Para um padrão comum lançar uma corrida ao topo, ele não deve ficar aquém das melhores práticas internacionais. Deve abranger todos os aspectos ESG da sustentabilidade. E deve exigir que as empresas divulguem não apenas questões que influenciam o valor da empresa, mas também informações sobre o impacto ambiental e social mais amplo da empresa (conhecido como “dupla materialidade”).

Um segundo e ainda maior desafio é garantir que os países desenvolvam classificações consistentes do que conta como investimento sustentável. Se uma actividade ou activo é considerado sustentável em um país, mas insustentável em outro, não pode haver um mercado financeiro sustentável verdadeiramente global.

Para garantir um campo de jogo nivelado global, os líderes de hoje devem buscar um acordo sobre princípios comuns para taxonomias de bom funcionamento e globalmente coerentes. Assim como os governos precisam estar cientes do risco de vazamento de carbono, eles devem levar em conta o risco de vazamento de financiamento de carbono .

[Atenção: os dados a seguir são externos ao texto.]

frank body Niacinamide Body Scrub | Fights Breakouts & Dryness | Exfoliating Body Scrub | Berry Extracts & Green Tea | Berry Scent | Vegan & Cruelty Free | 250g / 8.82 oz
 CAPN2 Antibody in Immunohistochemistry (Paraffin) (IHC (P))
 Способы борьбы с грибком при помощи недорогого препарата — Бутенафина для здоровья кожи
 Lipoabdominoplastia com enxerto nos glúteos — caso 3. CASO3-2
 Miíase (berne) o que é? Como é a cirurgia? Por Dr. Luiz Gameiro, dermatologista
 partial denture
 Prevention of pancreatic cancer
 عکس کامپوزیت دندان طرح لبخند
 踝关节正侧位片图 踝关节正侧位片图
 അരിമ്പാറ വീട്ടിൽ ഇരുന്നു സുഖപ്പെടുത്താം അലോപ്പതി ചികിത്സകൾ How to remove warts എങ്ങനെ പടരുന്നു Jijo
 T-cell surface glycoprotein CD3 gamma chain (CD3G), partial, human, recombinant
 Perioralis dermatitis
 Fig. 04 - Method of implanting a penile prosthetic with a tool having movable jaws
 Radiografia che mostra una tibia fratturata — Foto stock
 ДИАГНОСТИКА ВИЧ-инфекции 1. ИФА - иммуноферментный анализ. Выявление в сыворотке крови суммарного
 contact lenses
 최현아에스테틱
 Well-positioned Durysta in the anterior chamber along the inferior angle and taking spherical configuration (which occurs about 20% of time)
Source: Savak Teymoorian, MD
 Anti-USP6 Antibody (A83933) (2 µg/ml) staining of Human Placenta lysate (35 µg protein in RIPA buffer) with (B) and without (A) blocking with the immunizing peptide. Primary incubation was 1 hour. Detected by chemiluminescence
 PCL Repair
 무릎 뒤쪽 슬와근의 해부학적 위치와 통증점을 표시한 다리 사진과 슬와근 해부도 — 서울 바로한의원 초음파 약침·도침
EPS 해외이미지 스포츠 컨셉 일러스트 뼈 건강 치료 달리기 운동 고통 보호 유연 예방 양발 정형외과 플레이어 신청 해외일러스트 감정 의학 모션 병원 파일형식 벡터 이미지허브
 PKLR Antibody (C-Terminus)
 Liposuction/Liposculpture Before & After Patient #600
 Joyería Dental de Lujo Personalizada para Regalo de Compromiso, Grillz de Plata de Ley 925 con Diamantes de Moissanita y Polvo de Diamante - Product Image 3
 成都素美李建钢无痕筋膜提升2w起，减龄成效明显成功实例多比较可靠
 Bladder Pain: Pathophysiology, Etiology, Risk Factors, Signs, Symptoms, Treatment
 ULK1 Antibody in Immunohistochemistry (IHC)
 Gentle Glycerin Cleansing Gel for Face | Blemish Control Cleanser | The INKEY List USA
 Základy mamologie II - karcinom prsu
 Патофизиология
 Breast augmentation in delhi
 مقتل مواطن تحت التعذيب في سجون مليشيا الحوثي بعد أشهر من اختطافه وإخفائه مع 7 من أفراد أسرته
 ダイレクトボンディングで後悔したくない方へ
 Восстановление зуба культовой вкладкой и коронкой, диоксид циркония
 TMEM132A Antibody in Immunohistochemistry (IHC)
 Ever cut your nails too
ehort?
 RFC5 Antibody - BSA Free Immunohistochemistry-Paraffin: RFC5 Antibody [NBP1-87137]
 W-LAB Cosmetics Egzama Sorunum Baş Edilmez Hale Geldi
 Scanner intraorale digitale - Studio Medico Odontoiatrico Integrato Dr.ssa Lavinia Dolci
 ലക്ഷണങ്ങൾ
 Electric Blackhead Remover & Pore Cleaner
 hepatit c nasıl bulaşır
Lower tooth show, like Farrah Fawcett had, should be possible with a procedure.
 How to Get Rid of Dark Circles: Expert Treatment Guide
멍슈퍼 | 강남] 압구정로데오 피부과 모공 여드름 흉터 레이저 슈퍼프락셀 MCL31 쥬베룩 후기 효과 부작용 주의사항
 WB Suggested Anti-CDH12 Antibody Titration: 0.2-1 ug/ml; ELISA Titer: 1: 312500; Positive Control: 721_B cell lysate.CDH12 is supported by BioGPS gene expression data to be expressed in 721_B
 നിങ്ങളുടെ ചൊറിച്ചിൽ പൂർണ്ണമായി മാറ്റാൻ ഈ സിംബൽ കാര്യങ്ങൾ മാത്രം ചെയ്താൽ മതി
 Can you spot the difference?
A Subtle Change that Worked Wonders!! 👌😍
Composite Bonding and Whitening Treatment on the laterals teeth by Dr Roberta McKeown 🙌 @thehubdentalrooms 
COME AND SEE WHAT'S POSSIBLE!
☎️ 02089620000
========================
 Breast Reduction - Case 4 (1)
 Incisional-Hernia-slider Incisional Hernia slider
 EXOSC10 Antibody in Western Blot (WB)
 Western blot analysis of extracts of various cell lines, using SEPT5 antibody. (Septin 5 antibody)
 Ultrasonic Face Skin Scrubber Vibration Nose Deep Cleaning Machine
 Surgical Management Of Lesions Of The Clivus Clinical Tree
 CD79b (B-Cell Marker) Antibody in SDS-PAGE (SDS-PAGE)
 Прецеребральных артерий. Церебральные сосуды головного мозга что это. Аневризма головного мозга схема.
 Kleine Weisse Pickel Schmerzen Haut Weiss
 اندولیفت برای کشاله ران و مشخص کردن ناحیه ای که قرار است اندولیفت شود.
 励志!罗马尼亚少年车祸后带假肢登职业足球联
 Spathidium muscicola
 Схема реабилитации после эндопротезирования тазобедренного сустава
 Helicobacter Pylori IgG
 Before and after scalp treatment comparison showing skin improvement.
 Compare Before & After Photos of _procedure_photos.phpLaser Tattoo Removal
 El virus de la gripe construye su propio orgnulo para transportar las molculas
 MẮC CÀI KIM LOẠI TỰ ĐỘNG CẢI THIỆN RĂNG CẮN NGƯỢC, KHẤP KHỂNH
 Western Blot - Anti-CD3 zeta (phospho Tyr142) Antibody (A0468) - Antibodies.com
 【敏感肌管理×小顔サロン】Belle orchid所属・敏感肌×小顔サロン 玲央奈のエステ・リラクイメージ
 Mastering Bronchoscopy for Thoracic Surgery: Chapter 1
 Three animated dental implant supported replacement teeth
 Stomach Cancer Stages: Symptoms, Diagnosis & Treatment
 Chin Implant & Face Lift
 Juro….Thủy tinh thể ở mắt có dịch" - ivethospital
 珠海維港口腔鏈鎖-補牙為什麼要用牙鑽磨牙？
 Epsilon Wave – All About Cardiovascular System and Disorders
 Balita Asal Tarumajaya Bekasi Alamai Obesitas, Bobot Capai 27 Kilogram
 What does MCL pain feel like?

Finalmente, precisamos garantir que todos os segmentos da actividade financeira permaneçam alinhados com os objectivos climáticos mais amplos. O enorme consumo de energia e as emissões de CO  2  associadas à mineração de cripto-activos podem minar os esforços globais de sustentabilidade. O Bitcoin sozinho já está consumindo mais electricidade do que a Holanda. O controle e a limitação do impacto ambiental de activos criptográficos, inclusive por meio de regulamentação e tributação, devem fazer parte da discussão global.

As mudanças climáticas e a sustentabilidade são desafios globais que exigem soluções globais - e em nenhum lugar mais do que no sector financeiro. O ambiente político actual nos oferece uma rara oportunidade de fazer progressos substanciais. Não devemos desperdiçá-lo.

FABIO PANETTA

Fabio Panetta é membro da Comissão Executiva do Banco Central Europeu.